# TLC Hourly Demand Processing (Optimized for Memory)
This notebook processes TLC Parquet files efficiently by:
- Processing files in chunks (avoids loading all data at once)
- Saving intermediate hourly aggregates
- Combining results and adding features
- Saving final partitioned Parquet files
- Optional cleanup of intermediate files


In [1]:
from pathlib import Path
import pandas as pd
import numpy as np
import glob
import os
import holidays
import re
from tqdm import tqdm

## Step 2: Setup Directories
We create separate directories for intermediate and final outputs:
- `final_dir` for final partitioned Parquet files
- `intermediate_dir` for intermediate hourly aggregates


In [2]:
output_dir = "data/daily_demand_partitioned"
final_dir = Path(output_dir) / "final"
intermediate_dir = Path(output_dir) / "intermediate_location"
final_dir.mkdir(parents=True, exist_ok=True)
intermediate_dir.mkdir(parents=True, exist_ok=True)



## Step 3: Infer Date Range from Filenames
We infer the date range from filenames to filter data later.


In [3]:
# Input files
input_pattern = "data/tlc_*/**/*.parquet"
input_files = glob.glob(input_pattern, recursive=True)

# Infer date range
dates = []
for f in input_files:
    match = re.search(r'(\d{4})[-_]?(\d{2})', f)
    if match:
        year, month = int(match.group(1)), int(match.group(2))
        dates.append(pd.Timestamp(year=year, month=month, day=1))
start_date, end_date = min(dates), max(dates) + pd.offsets.MonthEnd(1)

print(f"✅ Date range inferred: {start_date} to {end_date}")


✅ Date range inferred: 2023-01-01 00:00:00 to 2025-06-30 00:00:00


In [4]:
import pyarrow.parquet as pq
import glob

input_files = glob.glob("data/tlc_*/**/*.parquet", recursive=True)

total_rows = 0
for f in input_files:
    metadata = pq.ParquetFile(f).metadata
    total_rows += metadata.num_rows

print("Total rows:", total_rows)


Total rows: 105314015


## Step 4: Process Files in Chunks and Save Intermediate Aggregates
We process each file individually, normalize schema, compute hourly aggregates, and save intermediate results.


In [4]:
# Process files in chunks -> DAILY aggregates
for f in tqdm(input_files, desc="Processing files"):
    chunk = pd.read_parquet(f)

    # Normalize schema
    if 'tpep_pickup_datetime' in chunk.columns:
        chunk.rename(columns={'tpep_pickup_datetime': 'pickup_datetime'}, inplace=True)
    elif 'lpep_pickup_datetime' in chunk.columns:
        chunk.rename(columns={'lpep_pickup_datetime': 'pickup_datetime'}, inplace=True)

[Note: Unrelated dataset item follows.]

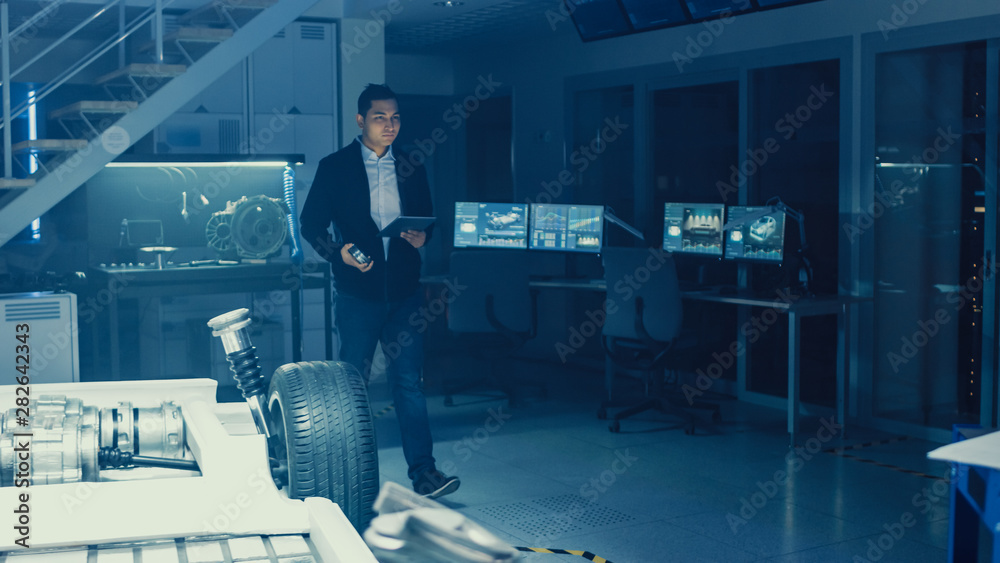 Development Laboratory Room with Professional Automotive Design Engineer Working on a Electric Car C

    # Keep necessary columns
    chunk = chunk[['pickup_datetime', 'PULocationID', 'DOLocationID']]
    chunk['pickup_datetime'] = pd.to_datetime(chunk['pickup_datetime'])

    # Aggregate by DATE
    chunk['date'] = chunk['pickup_datetime'].dt.date
    daily = chunk.groupby(['date', 'PULocationID', 'DOLocationID']).size().reset_index(name='rides')

    # Save intermediate
    daily.to_parquet(intermediate_dir / f"daily_{os.path.basename(f)}", index=False)

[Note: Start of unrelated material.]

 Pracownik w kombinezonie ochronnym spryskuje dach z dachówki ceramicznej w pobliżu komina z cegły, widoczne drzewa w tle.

Processing files: 100%|██████████| 60/60 [03:17<00:00,  3.30s/it]


## Step 5: Combine Intermediate Results
We combine all intermediate hourly aggregates and filter by date range.


In [5]:

# Combine intermediate results
daily_files = glob.glob(str(intermediate_dir / "daily_*.parquet"))
daily_demand = pd.concat([pd.read_parquet(f) for f in daily_files], ignore_index=True)
daily_demand = daily_demand.groupby(['date', 'PULocationID', 'DOLocationID'], as_index=False)['rides'].sum()

# Filter by date range
daily_demand['date'] = pd.to_datetime(daily_demand['date'])
daily_demand = daily_demand[(daily_demand['date'] >= start_date) & (daily_demand['date'] <= end_date)]


## Step 6-9: Add Features (Time-based, Lag, Holiday, Weather)
We add additional features for modeling and analysis.


In [6]:

# Add features
daily_demand['year'] = daily_demand['date'].dt.year.astype('int16')
daily_demand['month'] = daily_demand['date'].dt.month.astype('int8')
daily_demand['weekday'] = daily_demand['date'].dt.weekday.astype('int8')

# Lag features
daily_demand.sort_values('date', inplace=True)
for lag in [1, 2, 7]:
    daily_demand[f'lag_{lag}'] = daily_demand['rides'].shift(lag)

# Holiday flag
years = daily_demand['year'].unique()
us_holidays = holidays.US(years=years)
daily_demand['is_holiday'] = daily_demand['date'].dt.date.astype(str).isin(us_holidays).astype('int8')

In [7]:
daily_demand.head(2)

Unnamed: 0,date,PULocationID,DOLocationID,rides,year,month,weekday,lag_1,lag_2,lag_7,is_holiday
148,2023-01-01,1,1,37,2023,1,6,,,,0
5562,2023-01-01,181,33,2,2023,1,6,37.0,,,0


## Step 10: Save Final Partitioned Parquet Files
We save the final dataset partitioned by year and month.


In [8]:
# Save final partitioned Parquet
daily_demand.dropna(inplace=True)
daily_demand.iloc[:-1, :].to_parquet(final_dir, engine="pyarrow", partition_cols=['year', 'month'], index=False)
print(f"✅ Daily processing complete. Final data saved to {final_dir}")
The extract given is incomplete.